Están vivos y, por tanto, se esconden. No tanto de los demás como de su pasado, de su origen. En la novela de Modiano a casi nadie, empezando por Louki, se le conoce por su nombre real. Ella se llama realmente Jacqueline. «Jacqueline de la Nada», escribirá en la portada del libro Louise de la Nada, que está leyendo desordenadamente, un día en el que, en sus propias palabras, se siente fatal, y tacha el nombre «Louise», poniendo el suyo en su lugar.
La novela comienza con unas pocas líneas de Guy Debord como epígrafe. Es un guiño, una pista de lo que nos espera en sus páginas. Ambientada en el París de los años sesenta previos al 68, está llena de alusiones más o menos explícitas a los situacionistas, como la pintada «No trabajéis nunca» que el joven Roland ha visto en su infancia en aquella pared cochambrosa camino del colegio. Alusiones a Nietzsche, a la bohemia, al absurdo de las convenciones (como las detenciones de Louki por vagabundeo juvenil o su matrimonio incomprensible), a los poetas desubicados, a los bajos fondos y a los policías secretas. Mucho situacionismo y, también, mucha filosofía del absurdo de Camus.
La novela está llena también de espacios sombríos e inclasificables. Hay mucha más noche que día, más sombra que luz. Espacios fronterizos y nocturnos, donde los secretos inconfesados siguen ocultos sin que a nadie le importe. Esas sombras y esas fronteras les sirven a los personajes de burladeros donde el pasado desaparece y el futuro no existe. El tiempo se estanca, como en una infancia recuperada pero esta vez feliz para variar.
La teoría de la punta del iceberg de Hemingway se despliega en esta novela de Modiano en todo su esplendor. Los personajes son icebergs más o menos lejanos o próximos, pero de todos ellos sólo vemos la punta que emerge. Y, sin embargo, sabemos que hay una enorme masa sumergida que no vemos, pero que intuimos y que nos gustaría conocer, aunque ya sabemos que nunca podremos bucear tan hondo. Los icebergs van a la deriva, se rozan, chocan, se separan. Alguno se rompe.

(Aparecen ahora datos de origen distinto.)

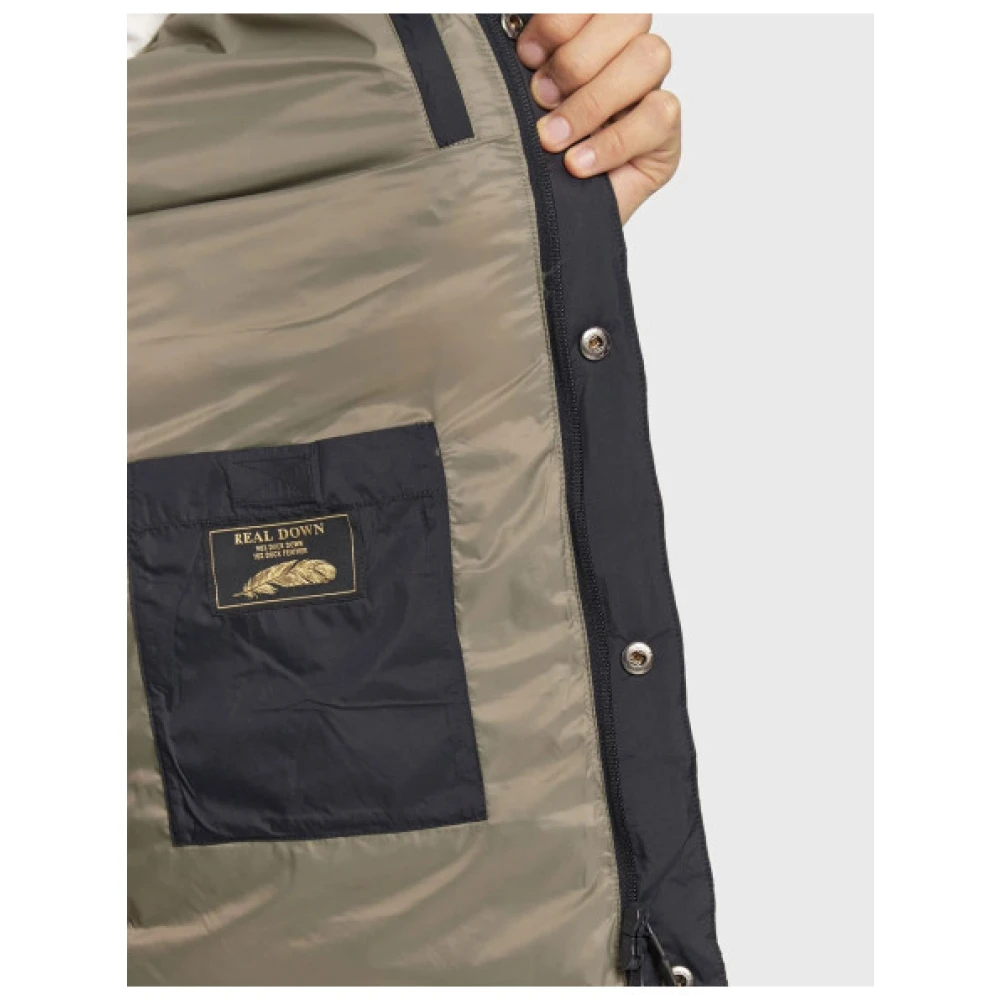 aeronautica militare Gewatteerde donsjas Blue Heren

El estilo de Modiano es poético pero no rebuscado. Frases cortas, repeticiones, y una atmósfera de contrastes térmicos eficaz. Fácil de seguir. Vemos a Louki (y al resto de los personajes) desde todos los ángulos, aunque sólo su parte visible. La parte no visible la imaginamos. Ésa es la eficacia de la obra, justamente que la imaginamos porque nos importa. En el café de la juventud perdida es una obra maestra a la altura de cualquier clásico que se nos ocurra. Sólo hace falta que caiga en manos de un lector atento. Y si se conoce la geografía de París -que no es mi caso-, mejor que mejor.